673.3
„It Wasn’t like I Pull Off a Dead Man’s Shoes, I Pull Them Off As I Give Him the Piece of Bread" – the Analyser’s Struggle Against His/Her Own Positive Prejudices

Wednesday, 18 July 2018: 18:00
Location: 803A (MTCC SOUTH BUILDING)
Oral Presentation
Julia VAJDA, ELTE University Budapest, Hungary
Can hermeneutical analysis protect us from our own prejudices? Do not we develop blind spots when we want to avoid seeing our interviewees morally reproachable? In dealing with Shoah and other traumatic historical events, it is easy to slip into the fault to see the world in the dichotomy of victims and perpetrators, i.e. goods and evils, just like in fairy tales; hence we inevitably categorize the individuals as belonging to one or the other side.
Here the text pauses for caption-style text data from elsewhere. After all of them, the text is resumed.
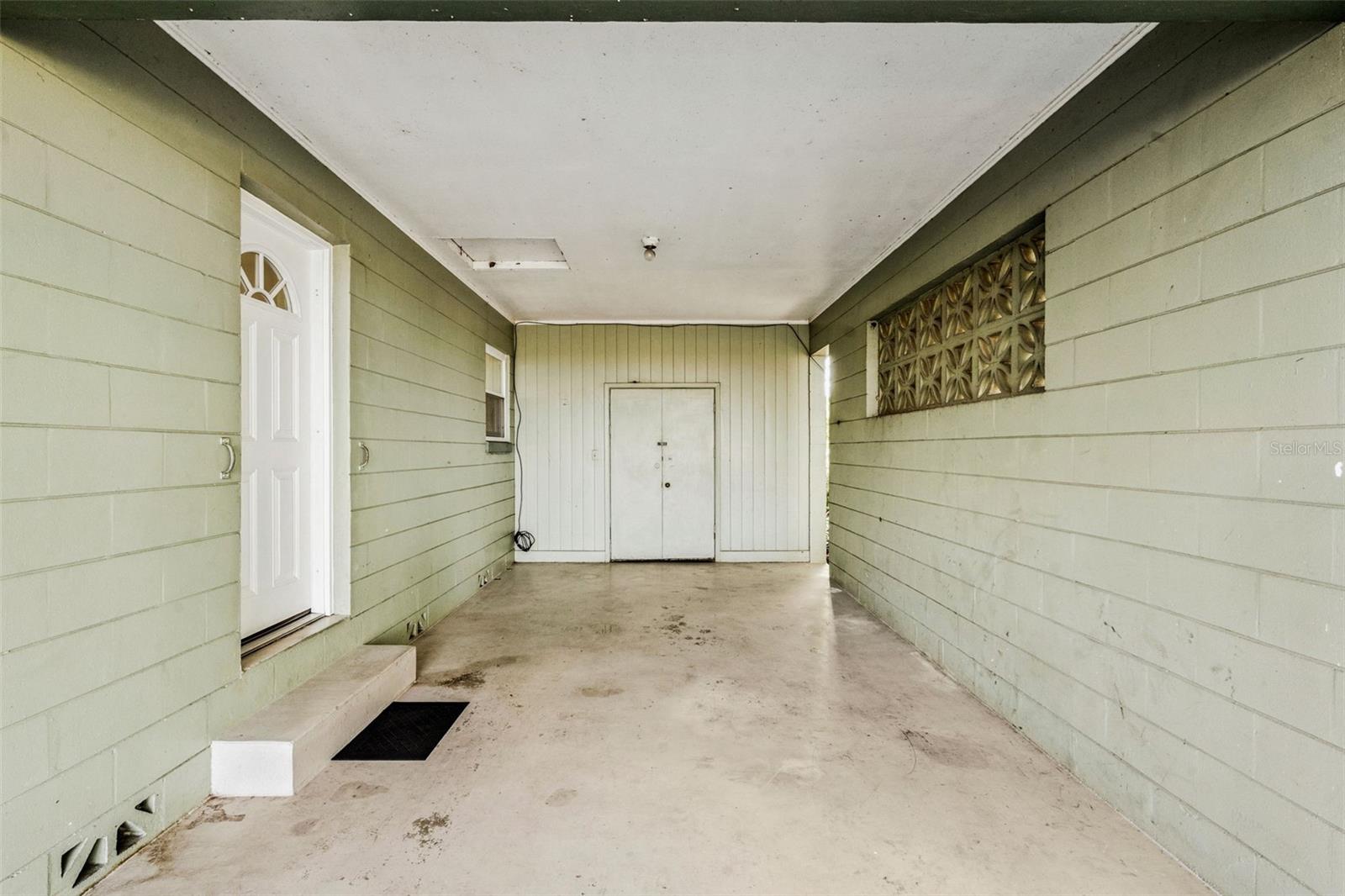 1801 Lakeshore Blvd Property Photo 25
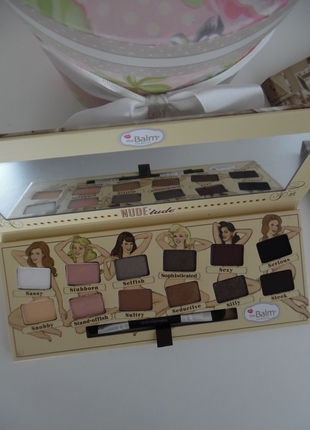 The Balm Nude Tude Far Paleti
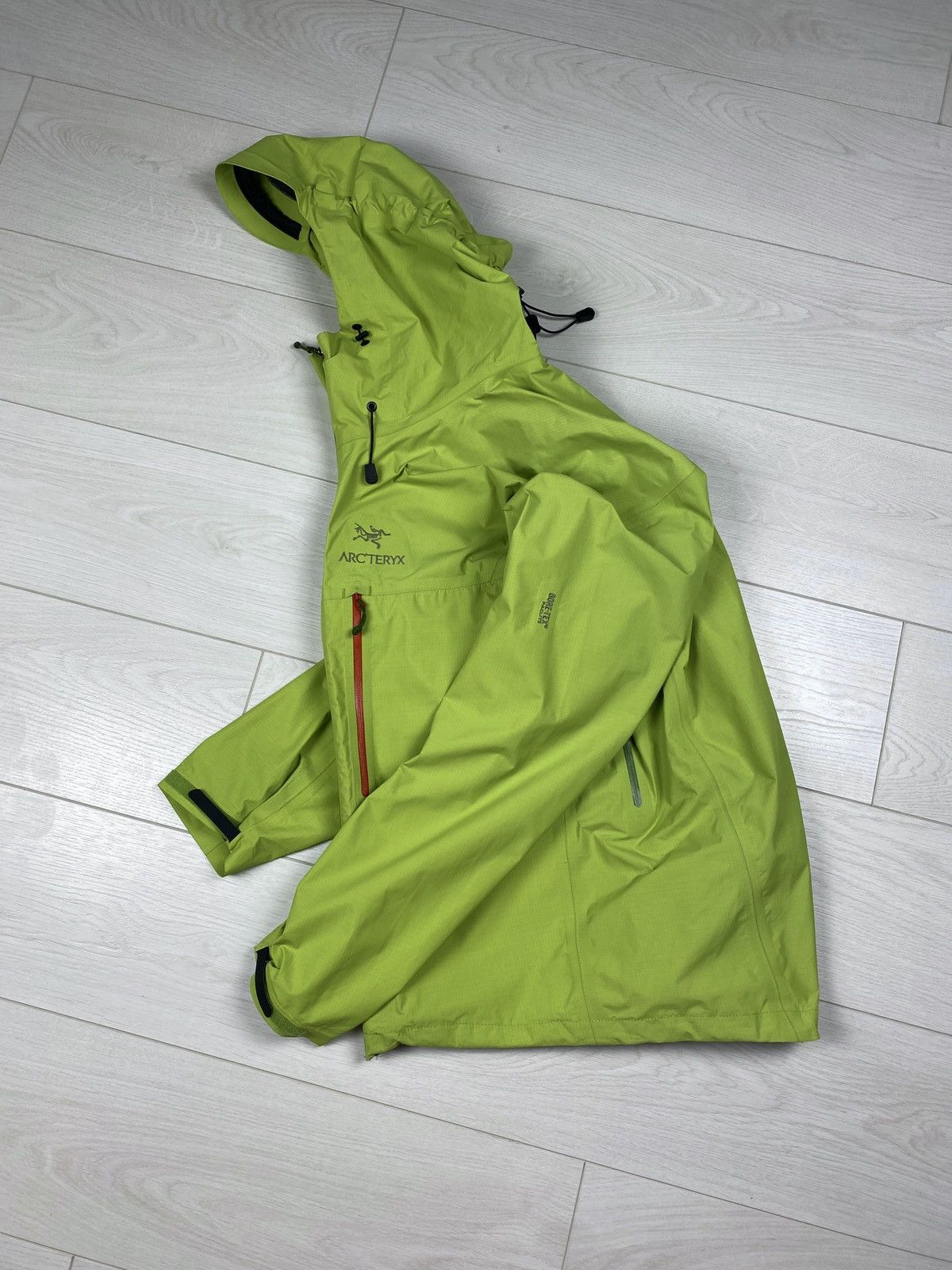 Arc'teryx × Outdoor Life × Streetwear 🦎 Vintage Arcteryx Gore-Tex ...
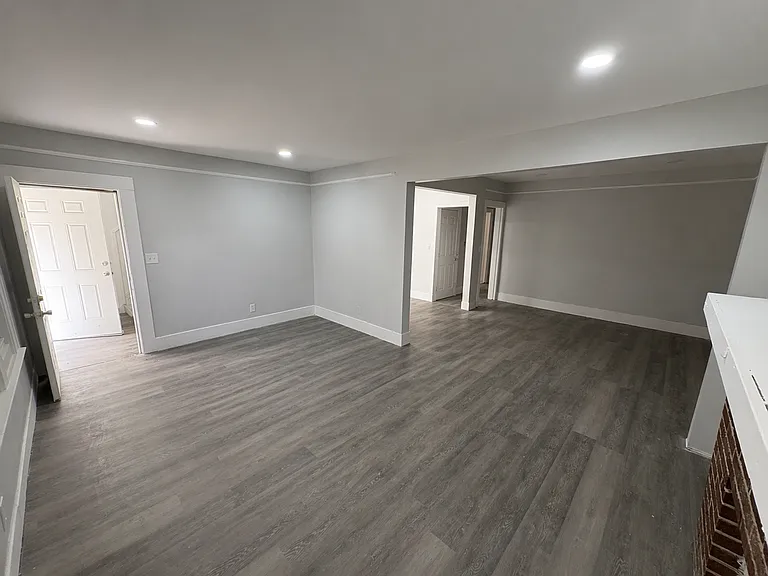 13944 Winthrop St — Photo 1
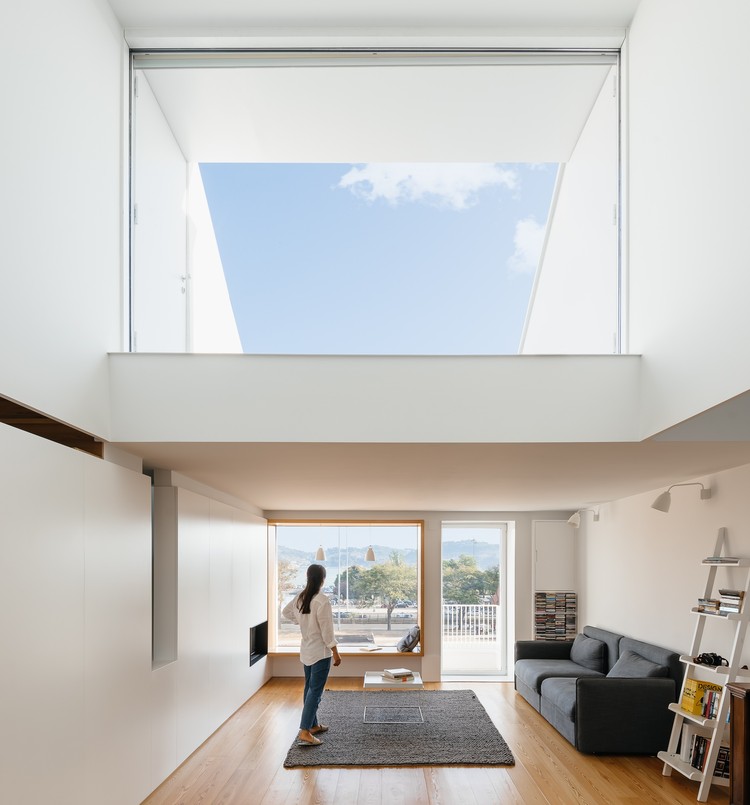 逆向而生的五口之家 / Aurora Arquitectos - 更多图片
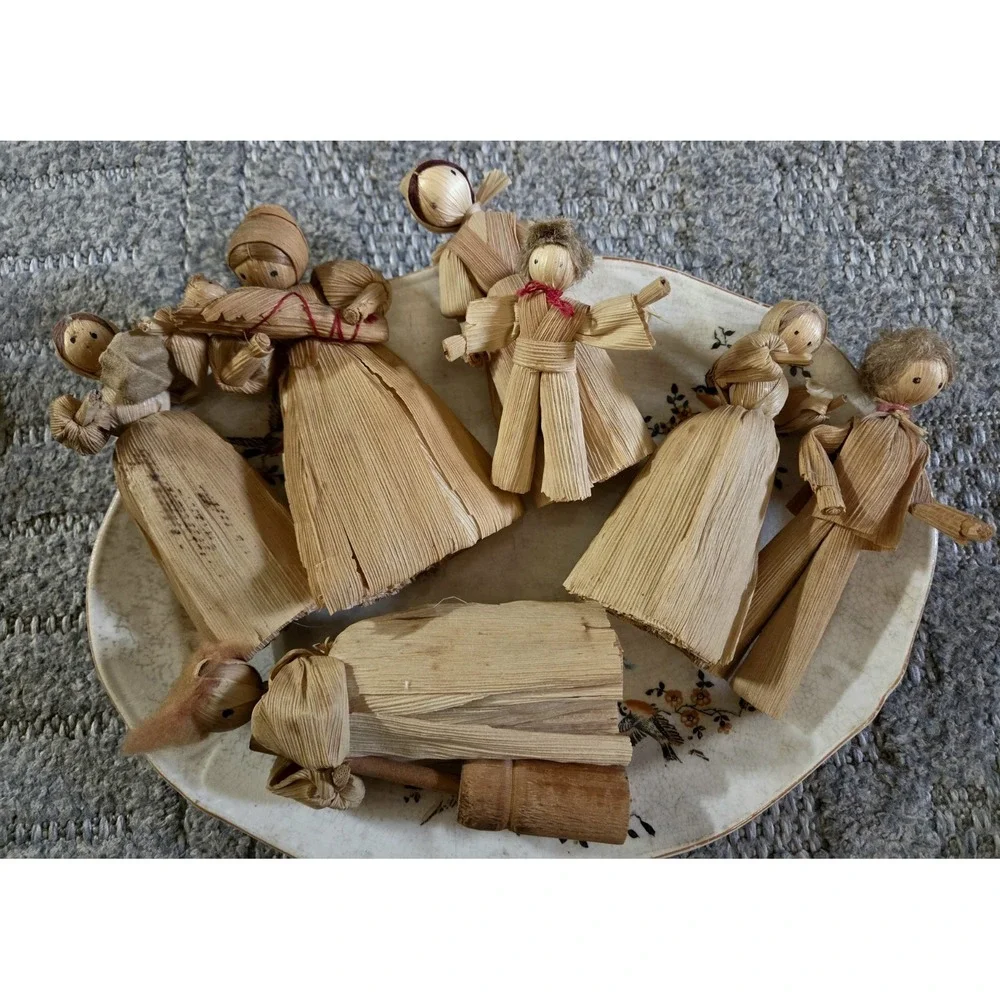 Very Very Old Vintage Corn Husk Family (8) With Birdhouse Antique Primitive
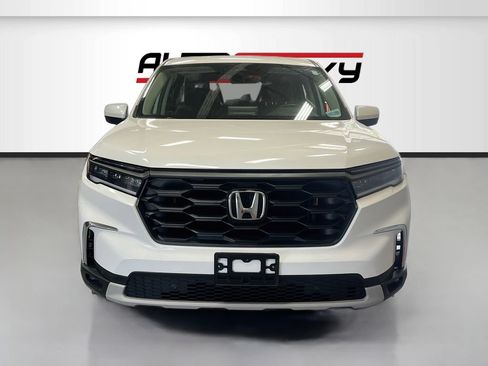 Used 2025 Honda Pilot EX-L image 2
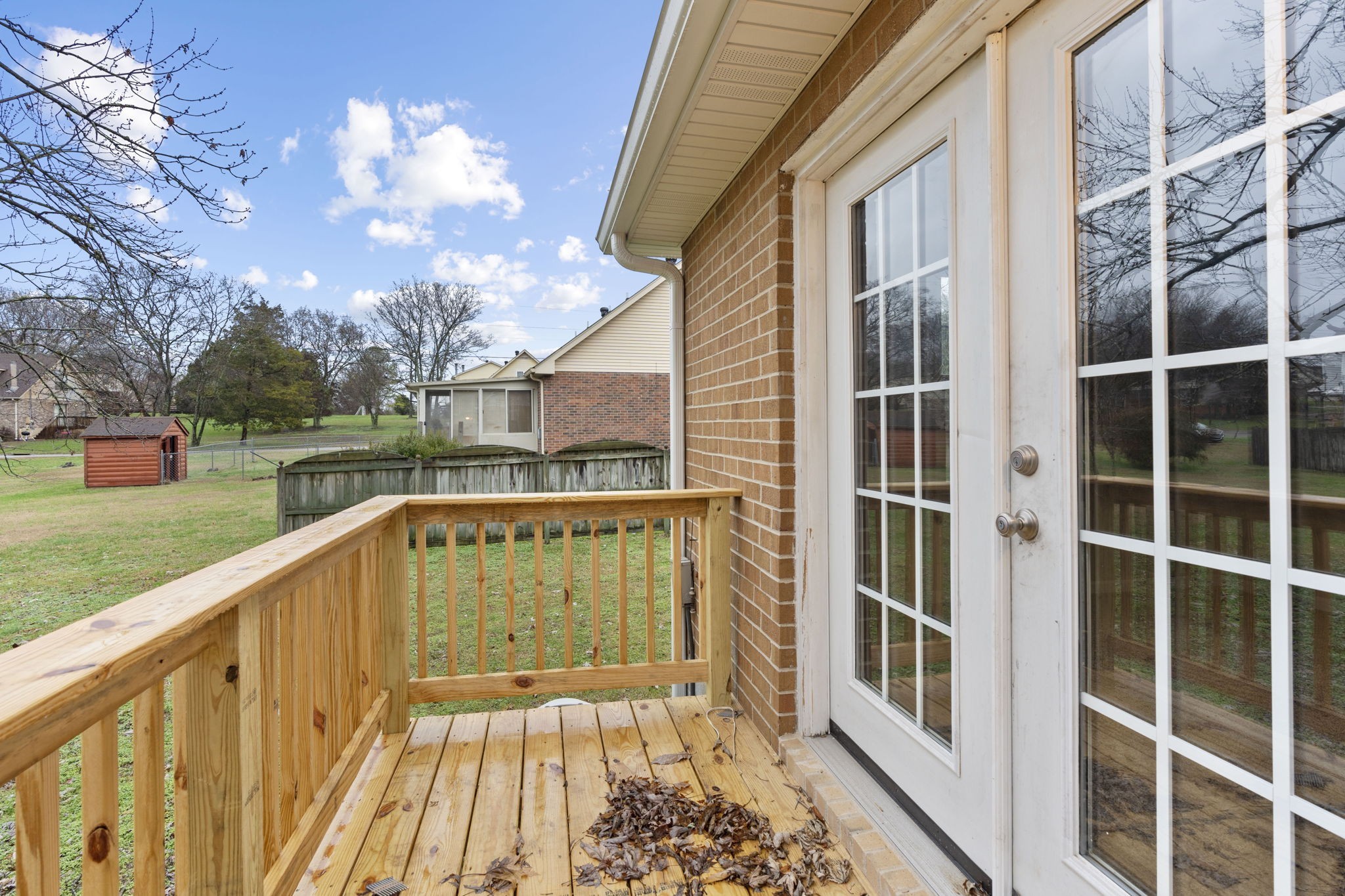 1123 Apple Valley Rd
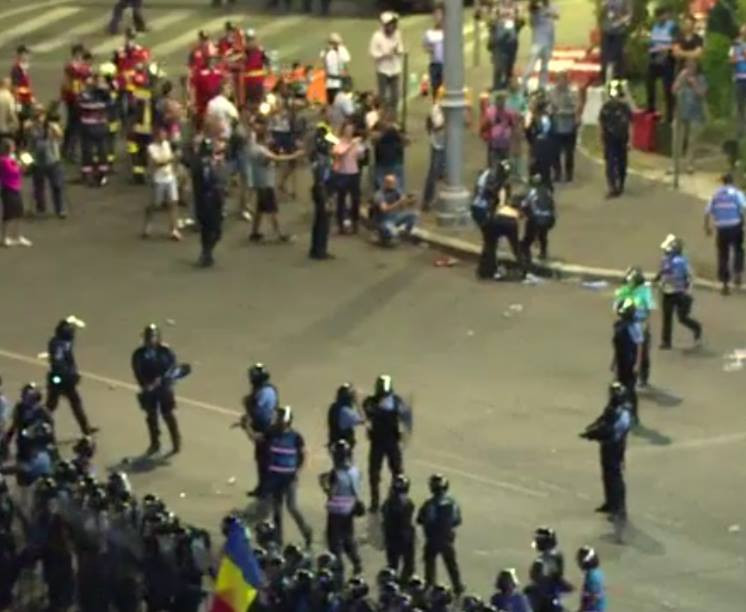 Protest violent in Piata Victoriei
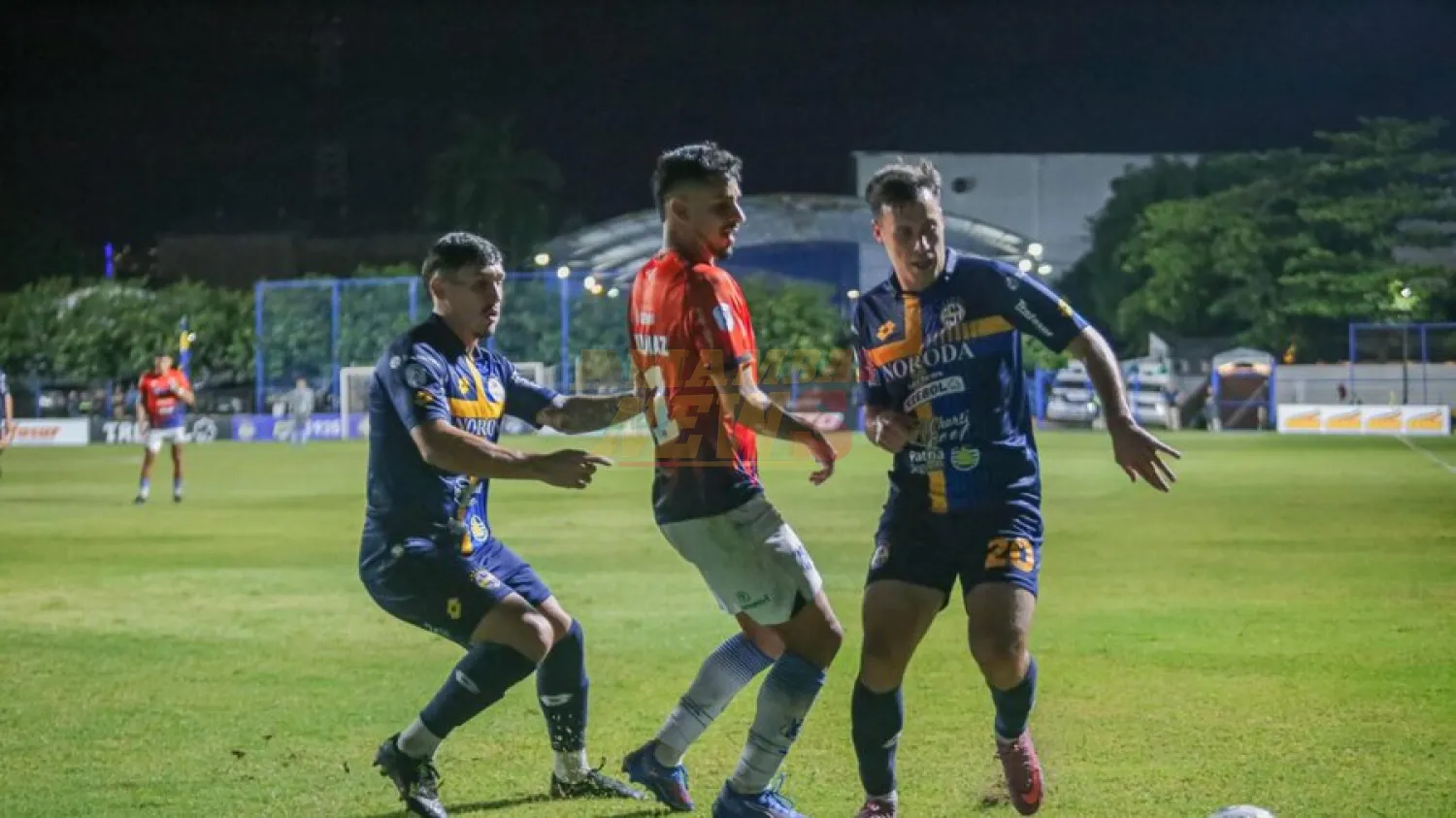 Trinidense remonta y vence al 2 de Mayo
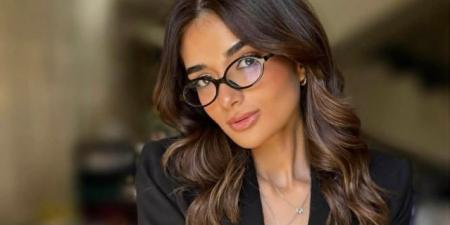 خصلات شعر بني فاتح تكمل أناقة ملك زاهر بالنظارة الطبية - المصدر 7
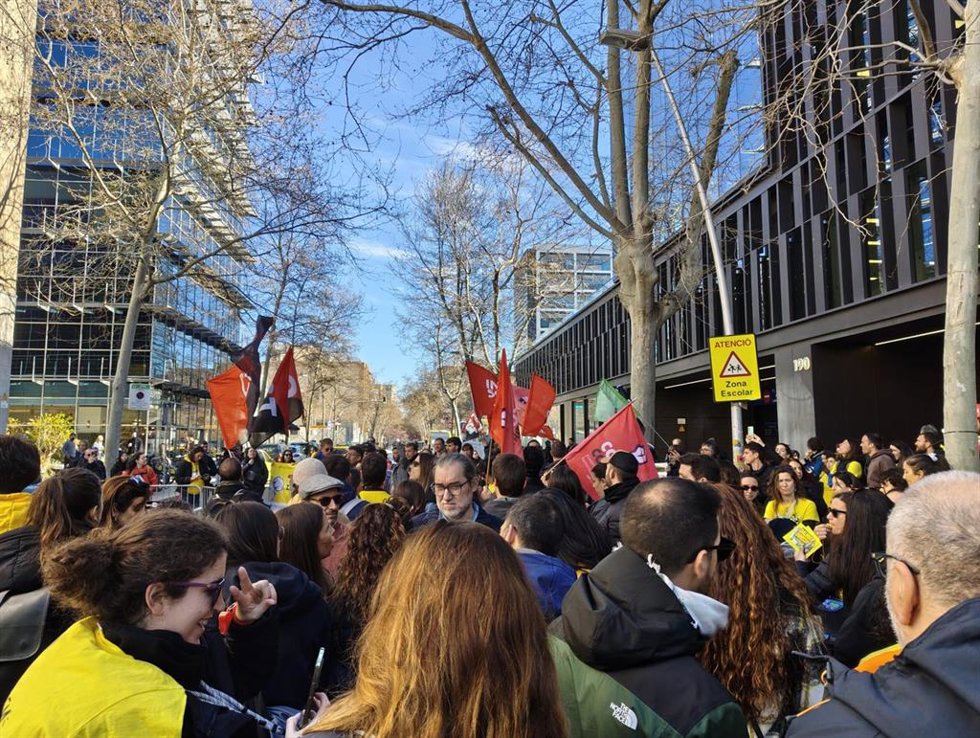 Concentración ante la sede del PSC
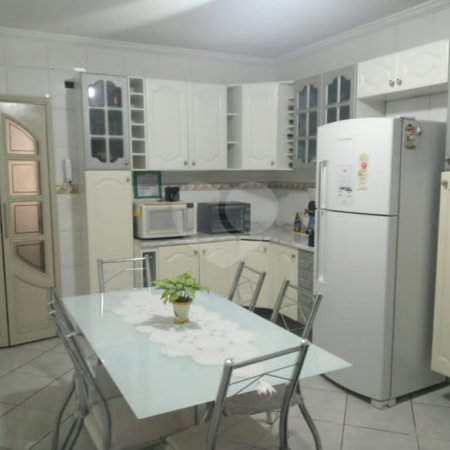 Sobrado à venda com 3 quartos, sendo 1 suíte, em Vila Medeiros, São Paulo, SP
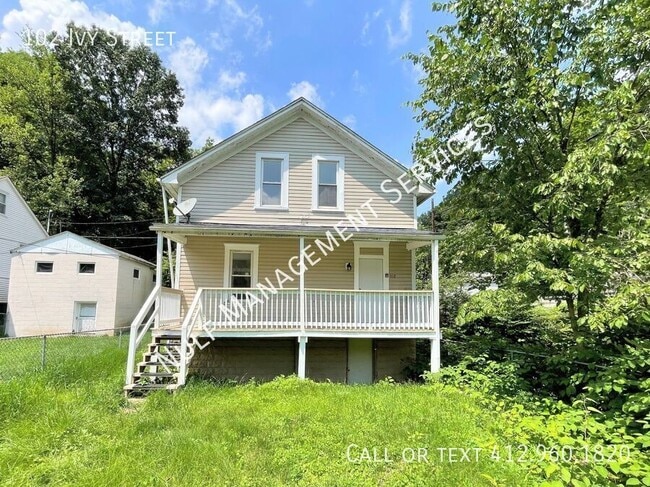 property at 102 Ivy St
It can be similarly hard to analyse the interviews unbiased: it does not feel right to think of the persecuted, the Shoah survivor, as „bad”, who sinned against his/her fellow sufferers. It may easily happen that we repress any hypothesis concerning the narration that would make the interviewee look blameworthy.

In the interviews, survivors of camps tell many times that the piece of bread they had hidden under their head for the night disappeared by the morning; their shoes, which were their most precious asset of which they took the best care under those circumstances were stolen; their carefully guarded blanket was nicked. These objects serve and symbolize their chance of survival: nourishment and protection from environmental conditions.

It is impossible that we only come upon respectable survivors who were victims of these atrocities. It is similarly improbable that, out of remorse, all perpetrators of petty crimes would refuse to be interviewed.

However hard it is to accept at a theoretical level and recognize in specific interviews, in many cases the thieves reported in the narratives are the interviewees themselves.

My paper aims to illustrate our struggles when working with such interviews against our also existent, however positive, prejudices.